| DATA SUPPLIED |
[Start of Attachment]

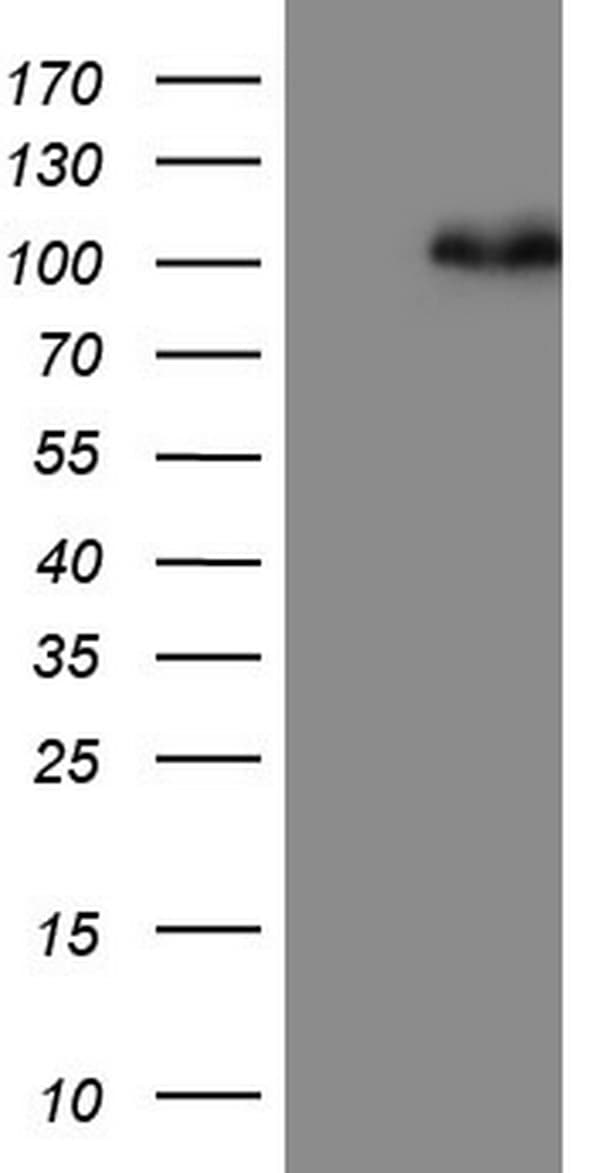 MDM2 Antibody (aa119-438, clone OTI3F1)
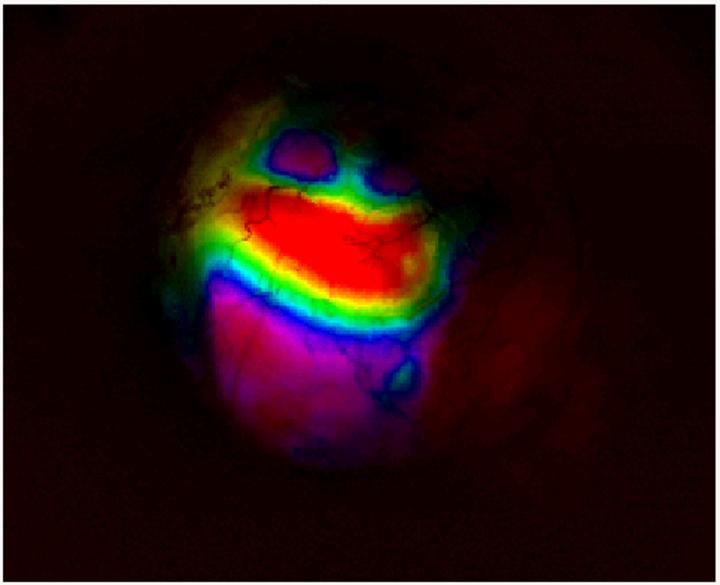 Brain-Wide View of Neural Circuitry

[End of Attachment]
[Start of Attachment]

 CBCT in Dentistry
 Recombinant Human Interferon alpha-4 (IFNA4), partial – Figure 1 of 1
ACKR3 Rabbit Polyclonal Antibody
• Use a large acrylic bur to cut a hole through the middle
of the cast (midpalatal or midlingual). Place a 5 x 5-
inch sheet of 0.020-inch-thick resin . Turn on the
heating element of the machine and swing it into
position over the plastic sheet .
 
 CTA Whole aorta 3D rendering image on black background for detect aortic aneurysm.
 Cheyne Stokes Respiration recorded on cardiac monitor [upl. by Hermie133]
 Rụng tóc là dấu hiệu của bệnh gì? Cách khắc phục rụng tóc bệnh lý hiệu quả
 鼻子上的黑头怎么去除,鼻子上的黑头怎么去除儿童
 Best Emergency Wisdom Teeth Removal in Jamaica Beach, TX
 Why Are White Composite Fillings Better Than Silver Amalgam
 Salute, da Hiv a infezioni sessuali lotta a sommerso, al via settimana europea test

[End of Attachment]

| WORK ITEM |
Reproduce only the lines above, starting at the line with "ACKR3 Rabbit Polyclonal Antibody" and ending at the line with "position over the plastic sheet .", exactly as written.

| SOLUTION TO THIS PROBLEM |
ACKR3 Rabbit Polyclonal Antibody
• Use a large acrylic bur to cut a hole through the middle
of the cast (midpalatal or midlingual). Place a 5 x 5-
inch sheet of 0.020-inch-thick resin . Turn on the
heating element of the machine and swing it into
position over the plastic sheet .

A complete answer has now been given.